Steven Steyaert, senior portfolio specialist at ING Investment Management, echoed that view. "We retain our bullish view on equities and stay overweight to European and Japanese equities."
Urging clients to "stay engaged" into the fourth quarter, Barclays Head of Research Larry Kantor said it's possible the year's positioning may become a little stretched and need some rebalance but the broad thrust would stay intact.
"While U.S. stocks still have some room for further appreciation, they have come a long way," he said. "This calls for a bit of rebalancing toward European and Asian stocks."
THREE ROTATIONS
The long-term nature of this year's major drivers has helped many funds see beyond sometimes noisy political brinkmanship in the euro zone or the partisan U.S. budget rows or even 11th hour diplomacy surrounding international intervention in Syrian.
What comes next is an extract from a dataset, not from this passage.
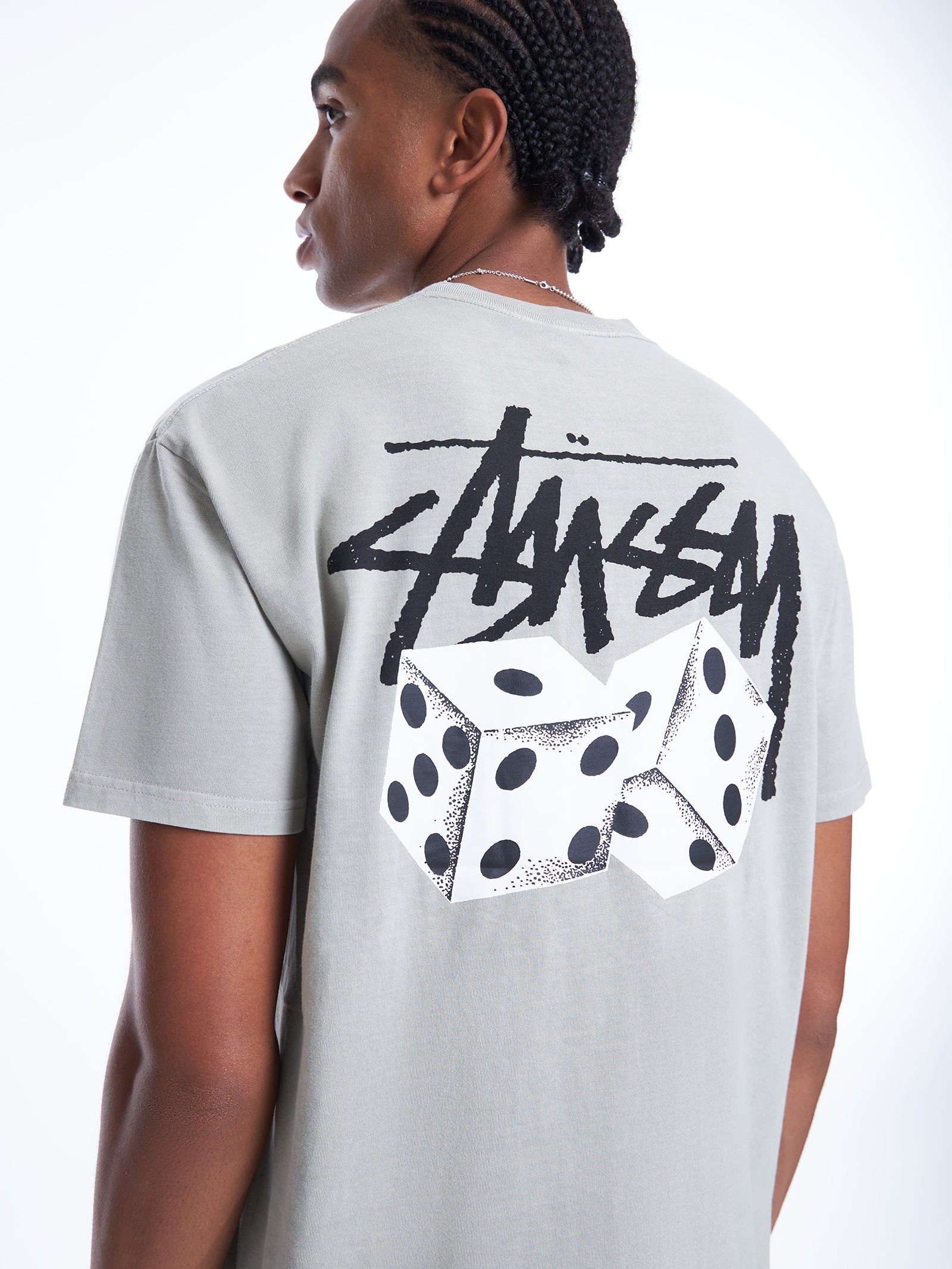 Pair Of Dice Heavyweight Short Sleeve T-Shirt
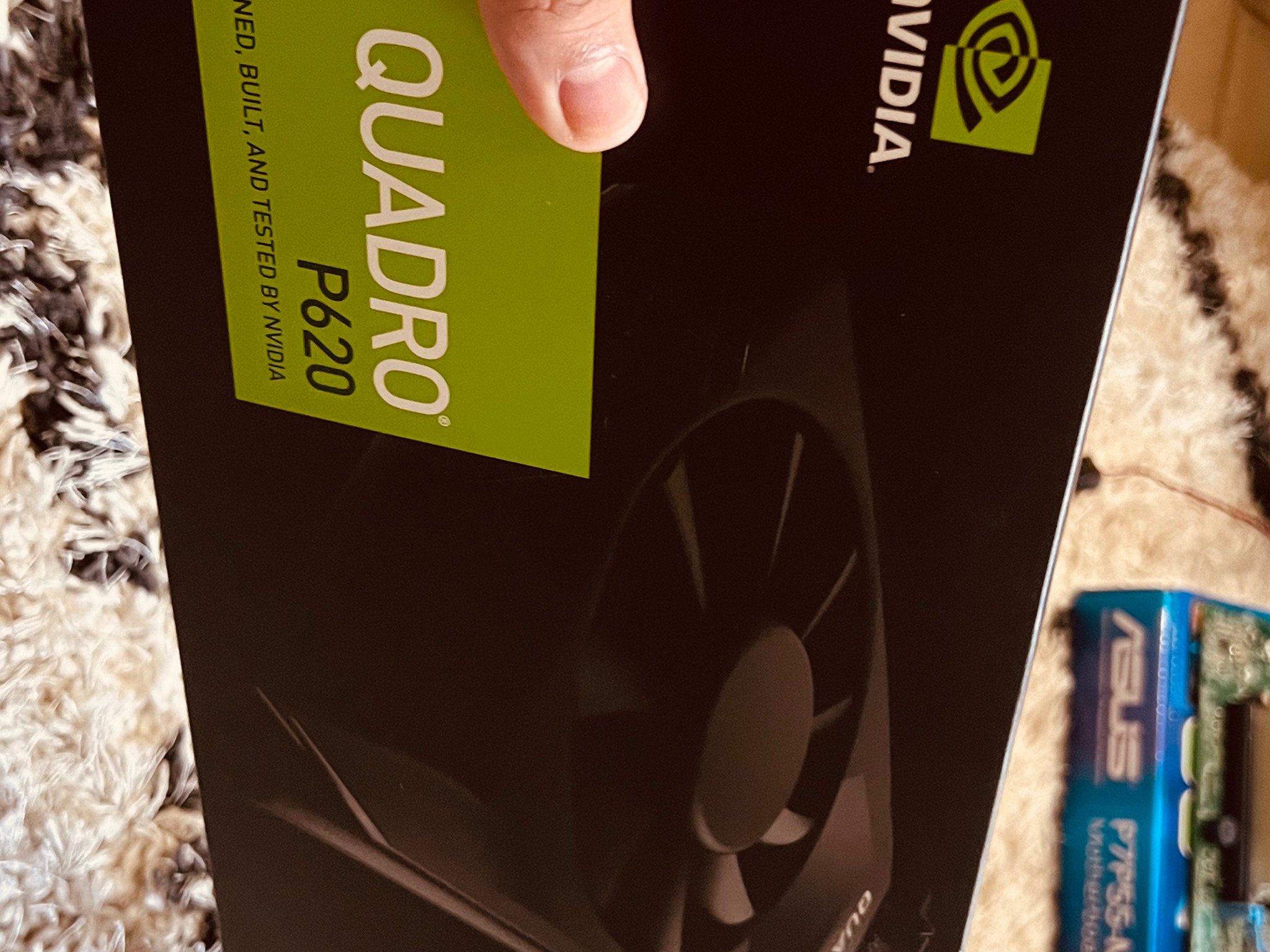 NVIDIA Quadro P620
January kicked off with what some heralded as a multi-year 'Great Rotation' into under-owned equity from pumped-up, top-rated bonds at the peak of a 20-year bull run.
While there are still legitimate questions over just how much of that switching has actually taken place, the relative performance has delivered handsomely so far.
World equities <.MIWD0000PUS> have outperformed top-grade government bonds by almost 20 percentage points in the year to date. Comparing five percent year-to-date losses in U.S. 10-year Treasuries with almost 20 percent gains in euro zone blue chips <.STOXX50E> exaggerates the case further.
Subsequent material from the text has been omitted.